Evolutionary Literature is based on the concept of adaptation. That is, once something has been written, it is read by someone who provides some sort of input whereby the work can then be rewritten to be more easily understood, phrased better, made more interesting, less easily understood, etc. The main basis of most of this essay centers around how exactly this is done. What types of input from who causes what changes in the original writing, as well as who makes these changes. An Adaptation in this case is any change made to the original piece of writing.

There are two main phases that occur during any adaptation, although these phases are so intimately tied they can often be seen as one. The Initiation Phase determines the event or events which causes the adaptation to occur. The process by which this occurs can be reader initiated or author initiated. It can also be multi-tiered in which the reader chooses an action which initiates the author to initiate an adaptation (i.e., a reader informs the author that he has misspelled words in his work who then runs a spell checker on the work which corrects the misspellings).

Once an event has occurred to initiate an adaptation, some action must be taken in response. This second phase is the Execution Phase. Like the Initiation Phase, this phase can be executed by either the reader or the author. Additionally, this phase can be executed through some form of rule-based system (as in the example of a spell checker). This is the phase in which actual change to the work is done and is the phase that not only makes the adaptation adaptive, but also is what causes the work to be interactive.

There are two main forms of adaptation: Structural Adaptation, dealing with the processes involved in changing the order and overall structure of a work, and Content Adaptation, dealing with the processes involved in changing the actual content of various Sections of a work. Each of these will be explored in more detail in the sections following.


Structural Adaptation

Structural Adaptation revolves around changing the overall structure of the work. It is meant to include additions, modifications and deletions of relations between sections of a work (in a wider perspective it can also entail the addition or deletion of various sections, though these activities are more properly classified in Content Adapatation). In a linear model, this implies simply changing the order of the sections. In non-linear models, the structure of the work is changed as relations between sections appear, strengthen, weaken and disappear.

Initiation Phase

Reader Initiation
Reader Initiation methods of a Structural Adaptation include those based upon direct manipulation, indirect manipulation and group manipulation. Of the three, group manipulation methods have the greatest potential and are considered in greater depth than the others.

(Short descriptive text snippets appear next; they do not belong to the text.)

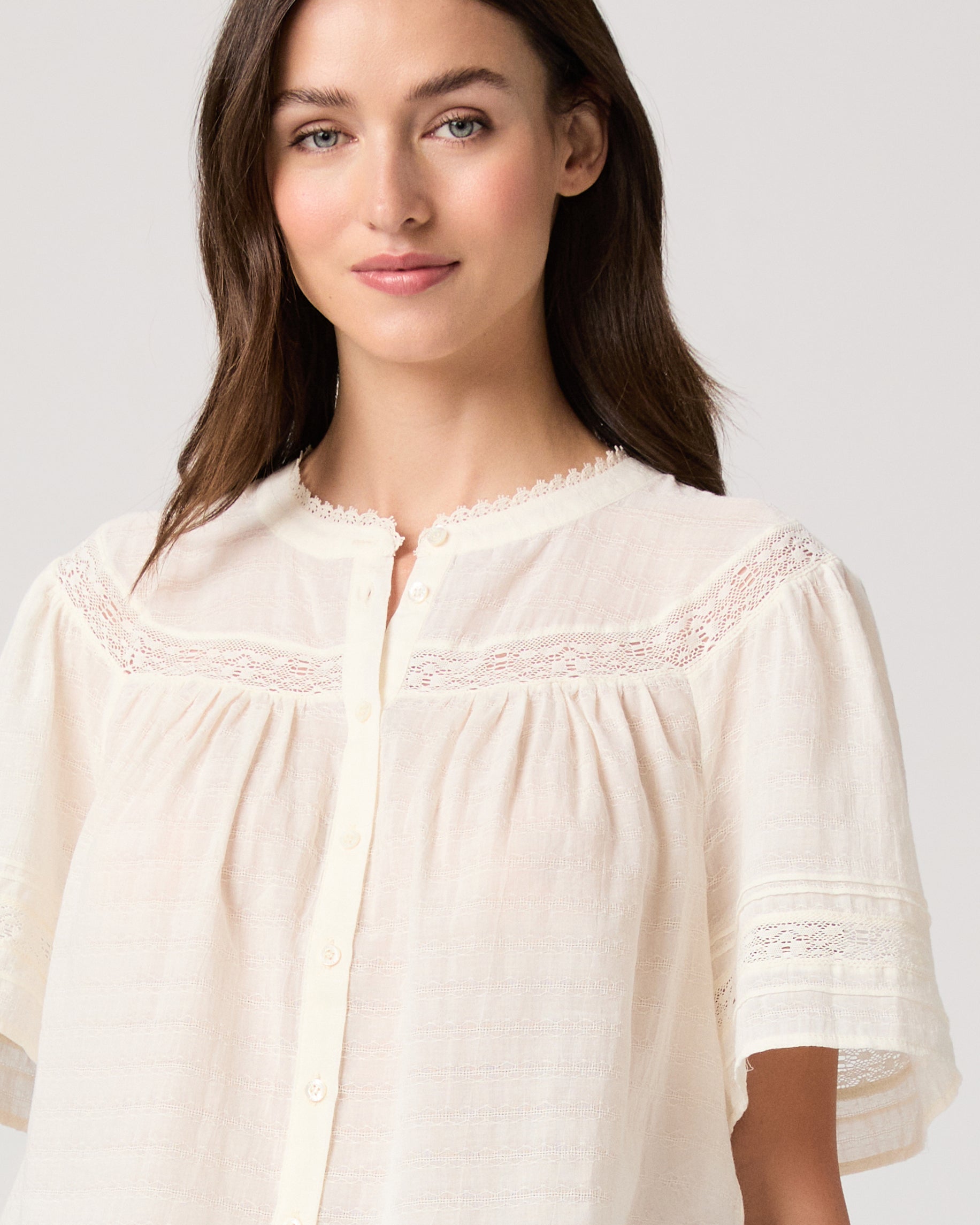 Pasadena Blouse - Ivory Model wearing a white top paired with light green pants with brown sandals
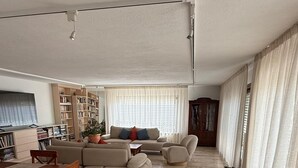 Een ruime woonkamer met een zithoek, een eettafel met stoelen en een boekenkast.
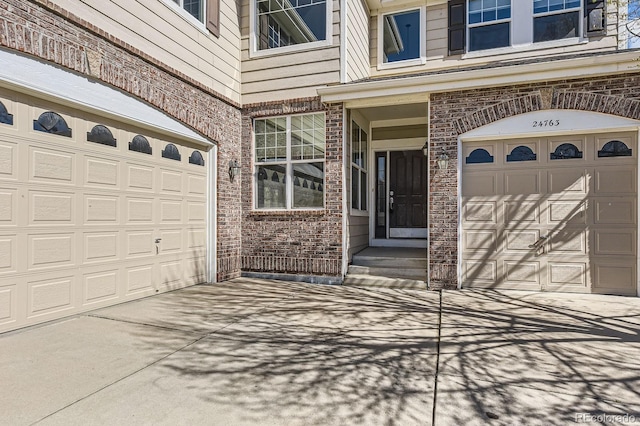 24763 E Crestridge Pl, Aurora, CO 80016 - view of exterior entry with an attached garage, driveway, and brick siding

Direct manipulation allows the reader to directly modify the relations between sections. One way to accomplish this is by allowing the reader to physically create a relation between two sections (by allowing them to edit links on web pages) or to choose between a selection of sections with which to create a relation to. Direct manipulation methods put each individual reader in control of relations between sections. There is no inherent method for compromise between varying opinions as to how sections should be related to one another. Direct manipulation methods by their very nature must always have the same person who initiates the adaptation execute it.

Indirect manipulation is a much more flexible method for Structural Adaptation. By it's very nature it requires a minimum of two people to complete an adaptation, one person to initiate it and another person (or rule-based system) to execute it. The reader in this case simply expresses a desire for the structure of the work to change. It is then up to the Execution Phase to determine how the structure will change. Because the Execution Phase is not executed by the reader, the effect on the structure of the work does not always have to be what the reader intended.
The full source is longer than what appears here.